(Caption-style text data)
········
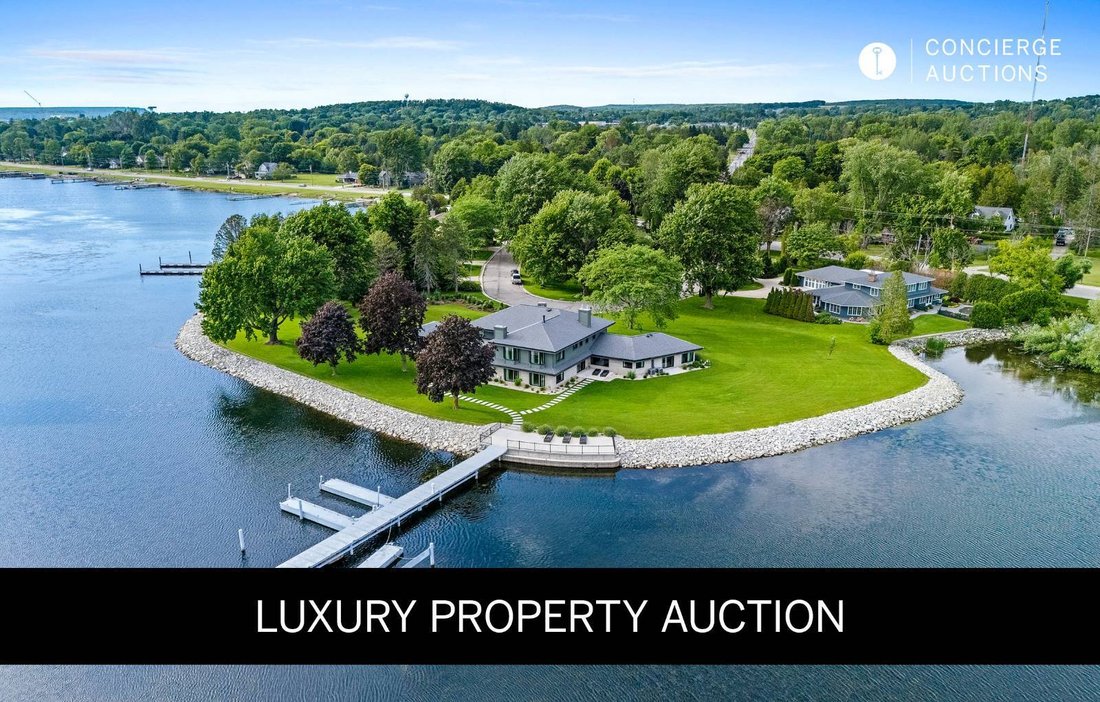 House in Sturgeon Bay, Wisconsin, United States 1 - 18689611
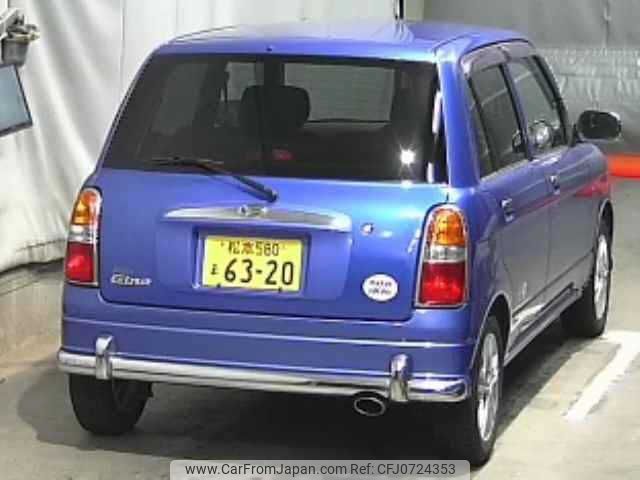 daihatsu mira-gino 2004 -DAIHATSU 【松本 580ﾏ6320】--Mira Gino L700S--0338012---DAIHATSU 【松本 580ﾏ6320】--Mira Gino L700S--0338012- image 2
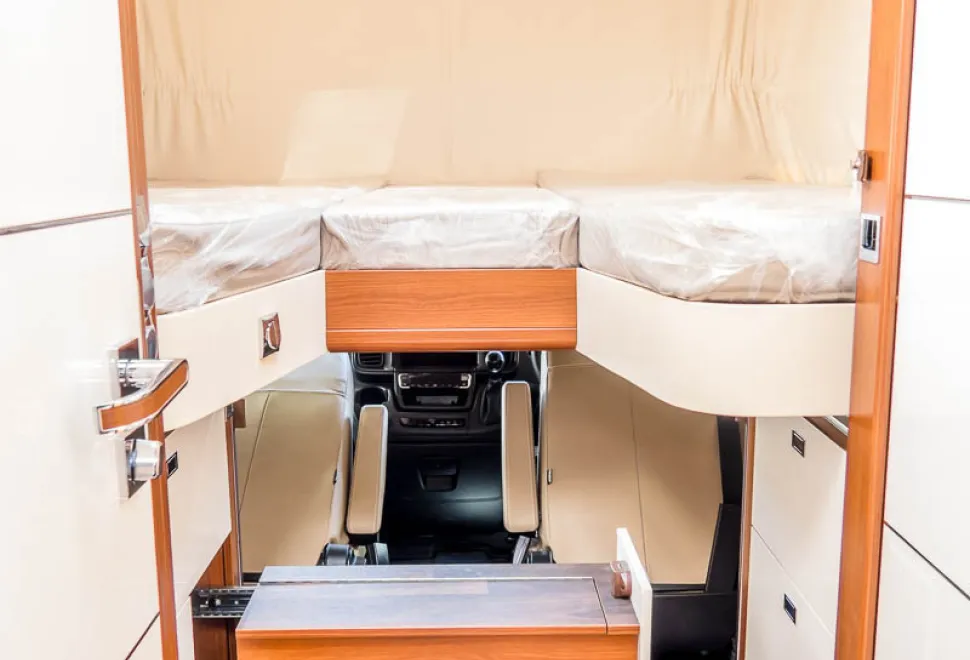 Carthago Liner for Two I 53 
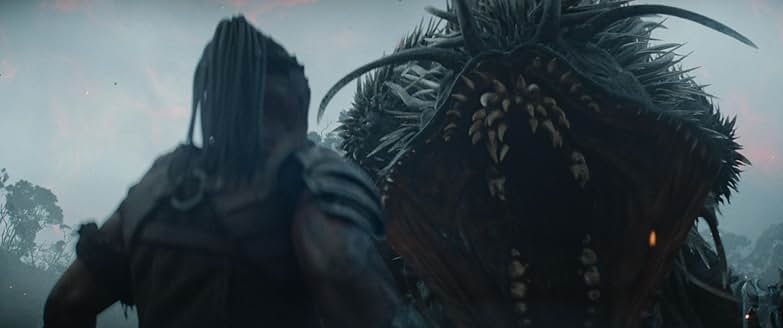 프레데터 죽음의 땅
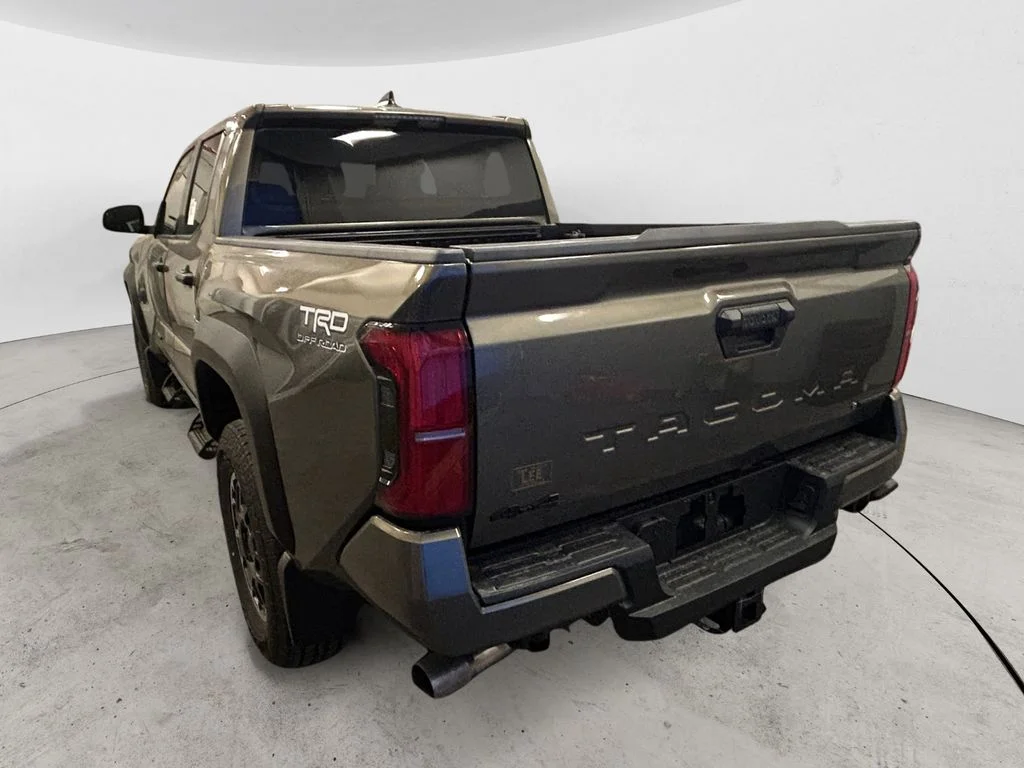 New 2026 Bronze Oxide Toyota TRD Off-Road image 3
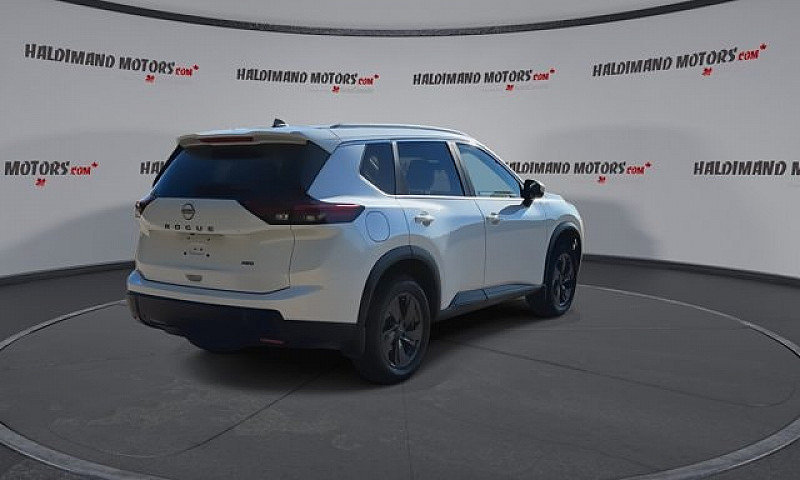 2026 Nissan Rogue Sv...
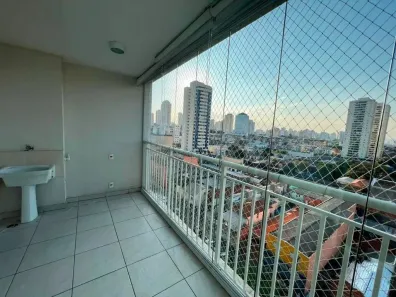 Apartamento com 1 Quarto para alugar, 34m² no Ipiranga, São Paulo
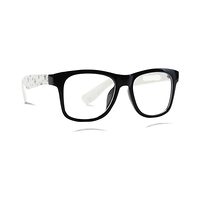 INSPIRE AA43 Spectacles Frame in Black Glossy — view 2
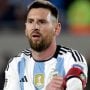 Argentina cruises to 3-0 win over Bolivia without Lionel Messi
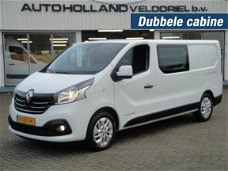 Renault Trafic - 1.6 DCI 92KW 125PK L2H1 DC DUBBELE CABINE AIRCO/ CRUISE CONTROL/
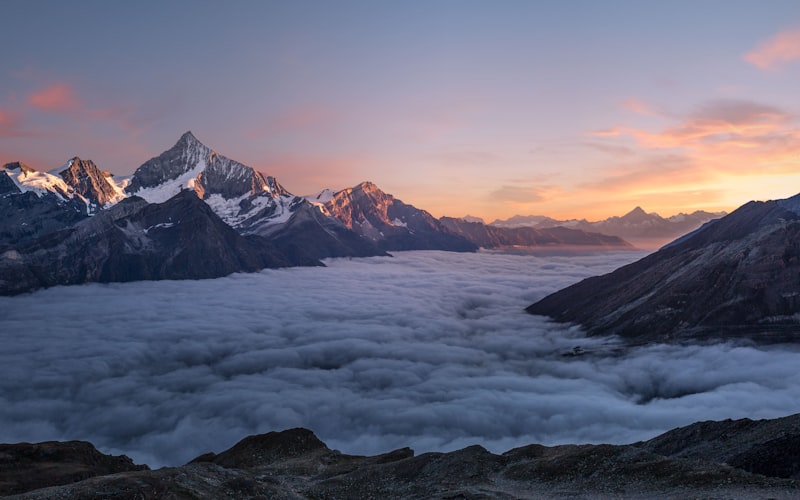 Stranden vid Mil Palmeras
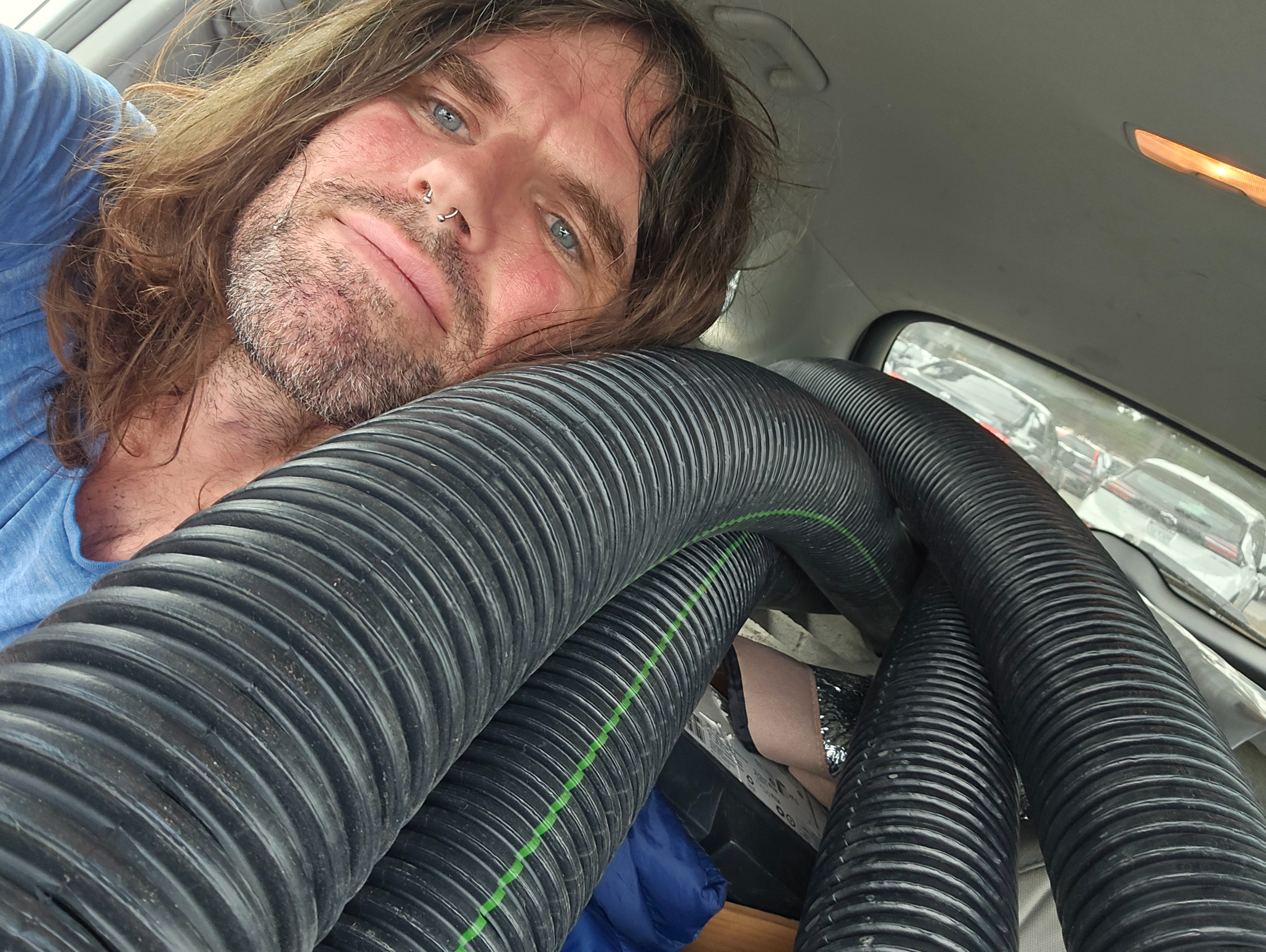 Third corner turned with new blocks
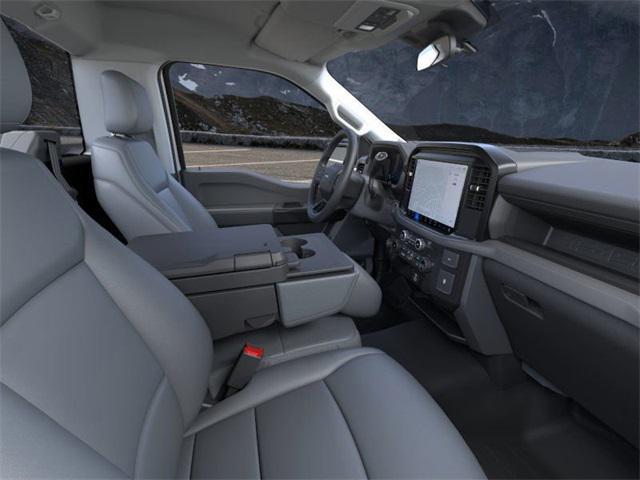 new 2025 Ford F-150 car, priced at $48,415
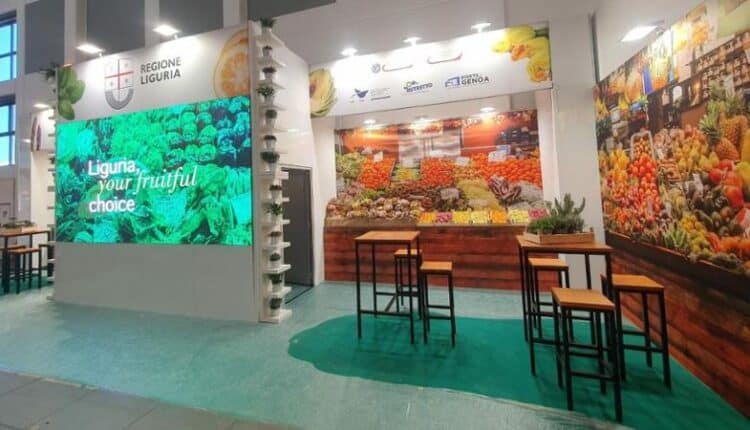 La Liguria fa sistema a Berlino e si presentano alla fiera internazionale Fruit Logistica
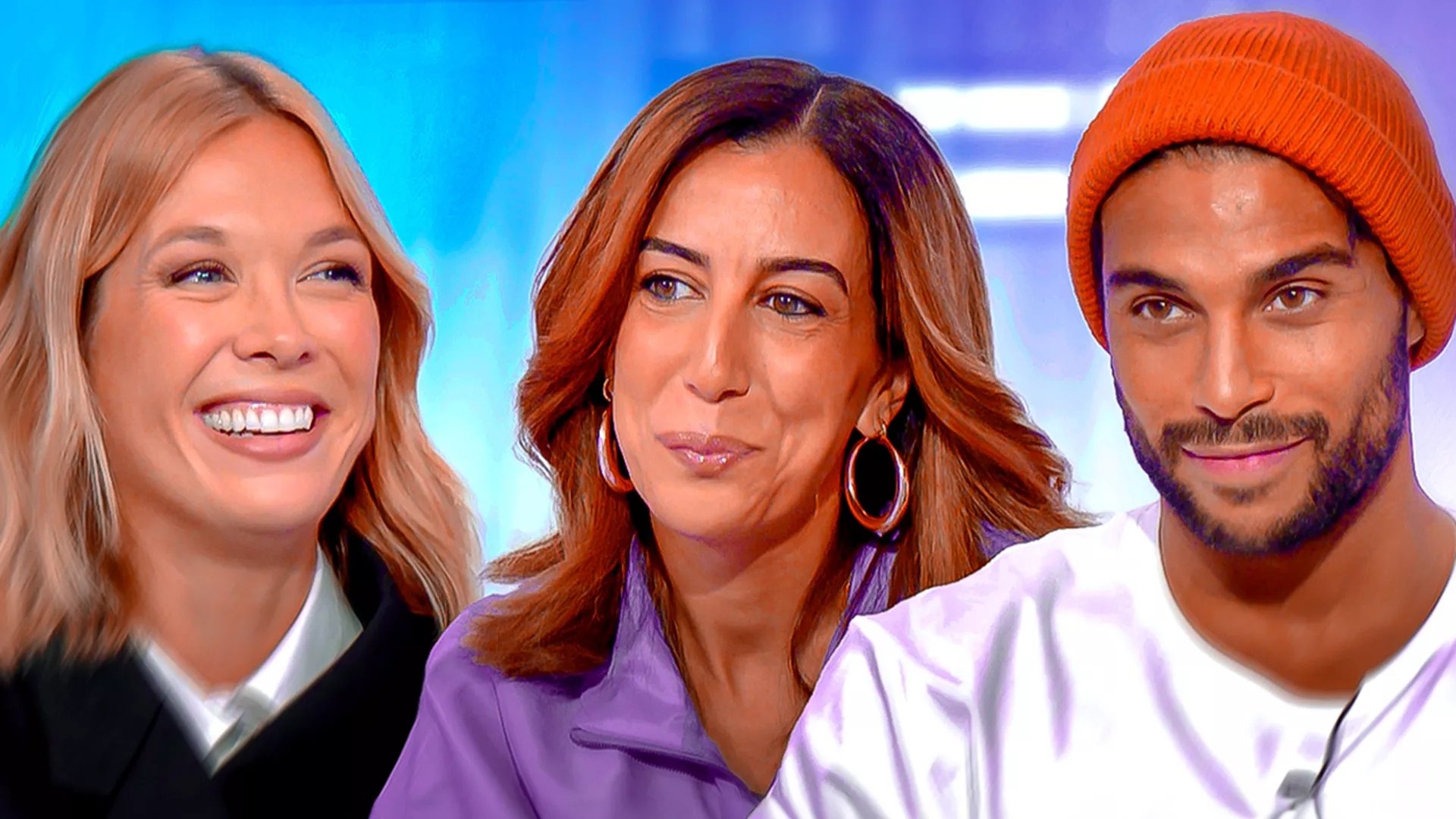 Clique - Nassim Lyes & Faïza Guène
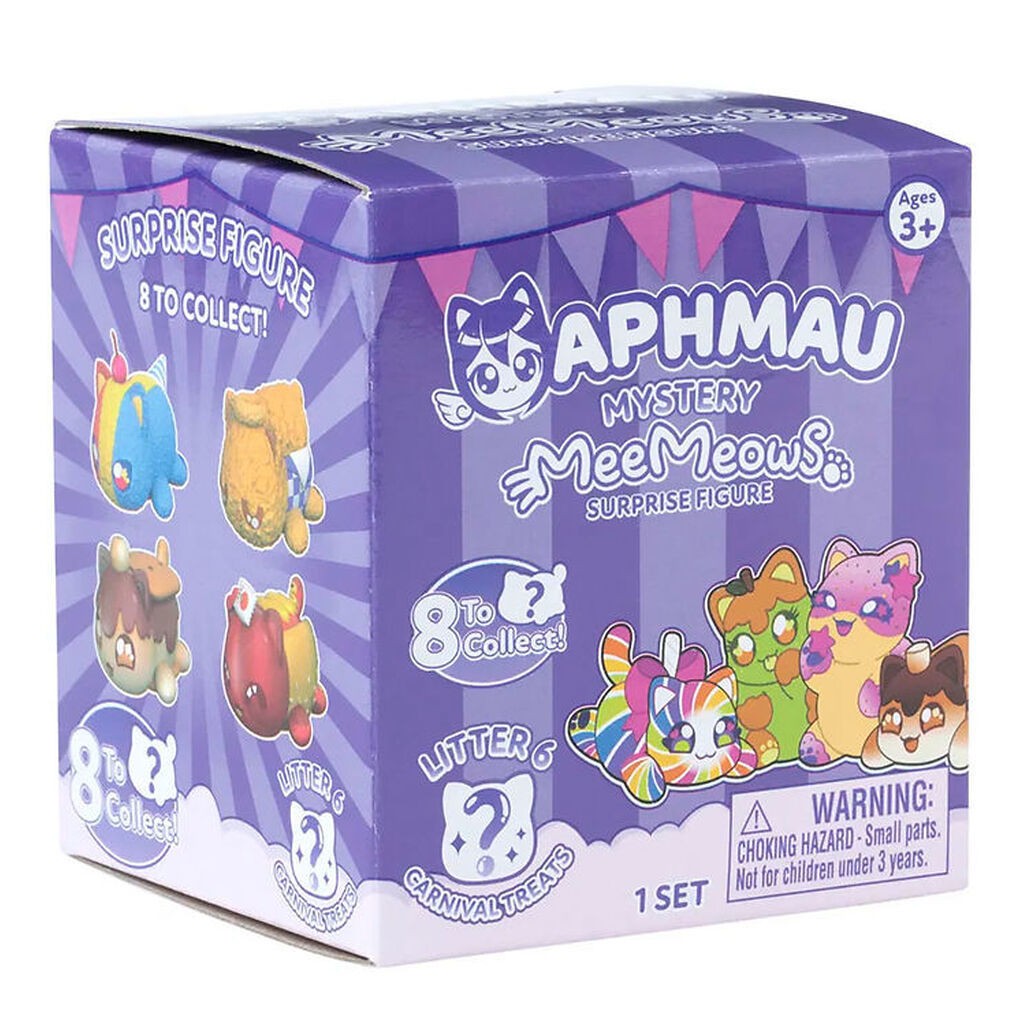 Aphmau Mystery Meemeow Figur - Circus Treats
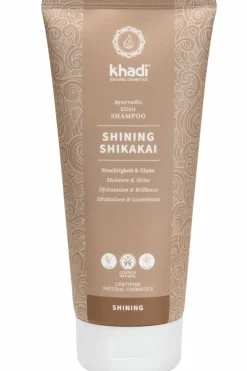 Sale Shampoing hydratation & brillance ayurvédique Shikakai Shine Shampoing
········
TASK INSTRUCTIONS - Print nothing except the lines above from the one containing "Third corner turned with new blocks" down to the one containing "Aphmau Mystery Meemeow Figur - Circus Treats", both included, exactly as written and free of pictures.

WRITTEN ANSWER -
 Third corner turned with new blocks
 new 2025 Ford F-150 car, priced at $48,415
 La Liguria fa sistema a Berlino e si presentano alla fiera internazionale Fruit Logistica
 Clique - Nassim Lyes & Faïza Guène
 Aphmau Mystery Meemeow Figur - Circus Treats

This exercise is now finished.